SEC highlights proxy voting rules, guidance amid ESG debate
In a split vote the US regulator has approved guidance about asset managers’ responsibilities when using proxy advisory firms and the rules applicable to them.
The Securities Exchange Commission (SEC) was divided along political party lines to make for a three-to-two vote in support of the regulator’s pronouncements. These included an “interpretation” noting the SEC’s view that providing voting advice was “solicitation” under federal law and subject to anti-fraud rules.
The backdrop to the SEC’s intervention is a heated debate about the role of proxy advisory firms, which institutional investors use to help them vote shares – a typical service is the provision of voting recommendations.
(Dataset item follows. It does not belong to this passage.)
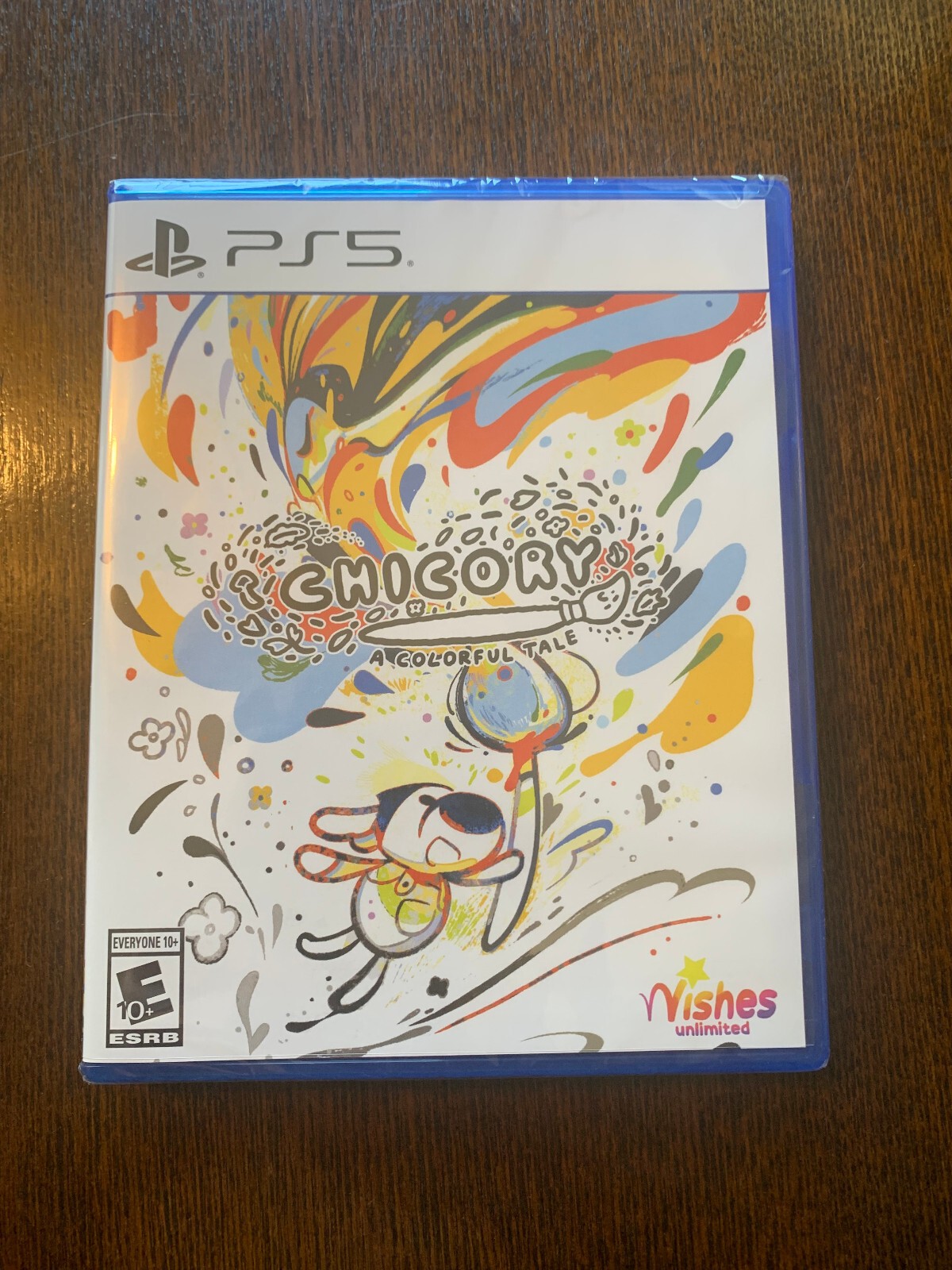 Chicory: a Colorful Tale [Limited Run Games #125] - PlayStation 5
Critics have argued they wield too much influence, are not transparent or accountable enough, and sometimes provide low quality work.
The SEC’s output on Wednesday was “commission guidance” rather than “staff guidance”, which some commentators said meant it had greater weight.
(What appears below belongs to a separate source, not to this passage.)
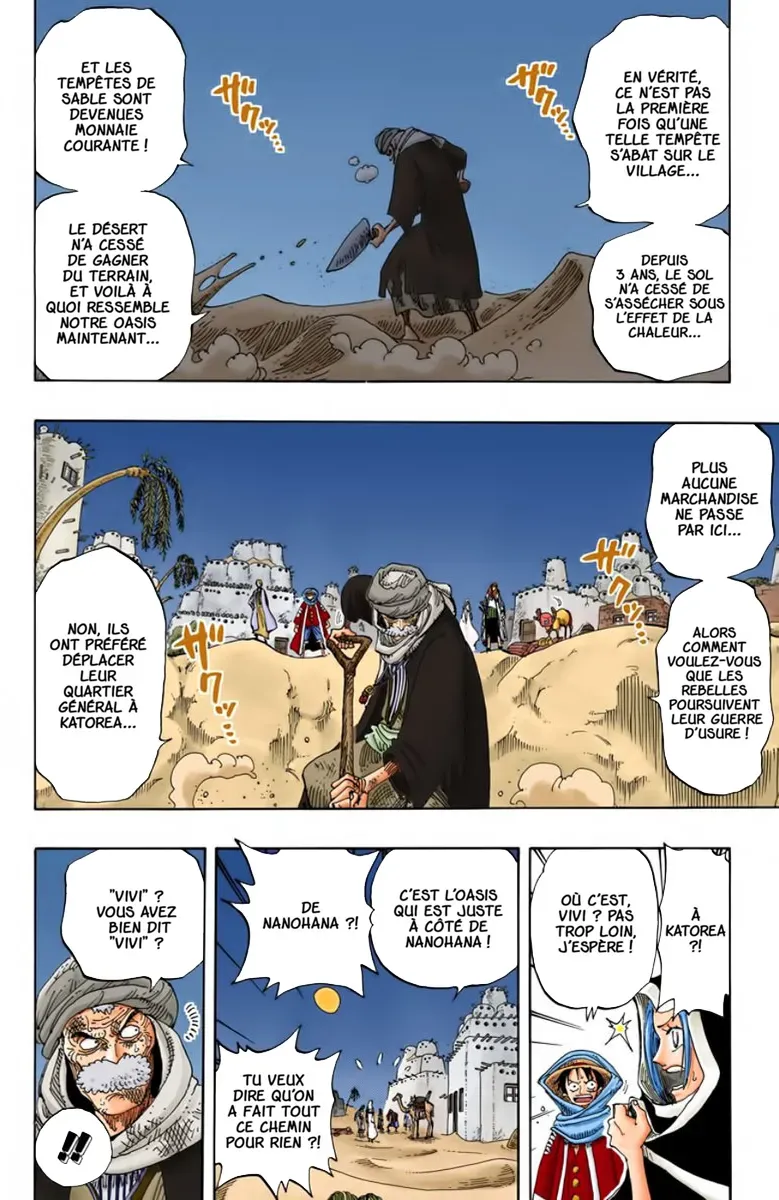  One Piece Français - One Piece 163 Yuba, le village des rebelles (en couleurs) - 6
There are different interpretations of the extent to which the guidance contains new rules. Commissioner Hester Peirce, who has been critical about environmental, social and corporate governance (ESG) investing, said the regulator was “not building a new regulatory regime, but… explaining the contours of an existing one to help investment advisers and proxy advisers carry out their responsibilities”.
“Investment advisers” refers to fund managers in this context.
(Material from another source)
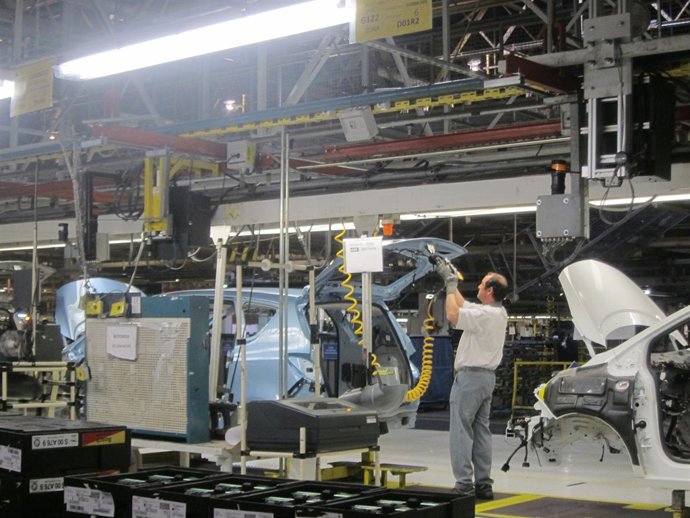 Planta de Opel en Figueruelas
Commissioner Elad Roisman, who led the SEC’s work on this issue, said the regulator’s releases “reiterate the Commission’s views on the importance of investment advisers’ voting responsibly on behalf of their clients and the applicability of our proxy rules to proxy voting advice”.
According to a blog post from staff at ValueEdge Advisors, a US corporate governance advisory firm, the SEC had been under intense pressure from corporate interests, but their efforts had “almost completely failed”.
“Pretty much all the SEC did was remind proxy advisers to follow the laws already on the books,” ValueEdge Advisors wrote.
Threat to shareholder rights?
According to commissioner Allison Herren Lee, however, the regulator’s release contained “new substantive requirements – most notably increased issuer involvement in the proxy advisory firm’s process” and created “significant risks to the free and full exercise of shareholder voting rights”.
The Council of Institutional Investors (CII), a US asset owner association, said the SEC’s interpretation about the applicability of proxy solicitation rules to proxy advisers could be the first step towards a rule proposal.
“By making it clearer that the SEC sees proxy advisory firms as subject to proxy solicitation rules, this could give the SEC a stronger hook to place requirements on the firms later, which could be concerning,” it said in a statement.
Ken Bertsch, CII executive director, argued that “the commission should have put the new guidance and interpretation out for public comment”.
Sarah Wilson, chief executive at Minerva Analytics, a UK proxy advisory firm, said the SEC’s guidance “brings asset owners and asset managers back into the equation”.
She added: “The whole lobby that was aimed at the SEC from the Chamber of Commerce… you would have imagined that fund managers didn’t exist, by the way that they talked. It was all about shooting the messenger.”
Wilson said the SEC’s guidance was a sign of regulatory harmonisation, in that it reflected the requirements laid out in the revised EU Shareholder Rights Directive (SRD II).
“It’s not laid out the same way, but it captures the same issues about fiduciary responsibility, transparency, accuracy,” she said.
The timing of the SEC’s intervention was therefore helpful, according to Wilson, because asset managers operating in the EU had to revisit their policies anyway to meet new requirements.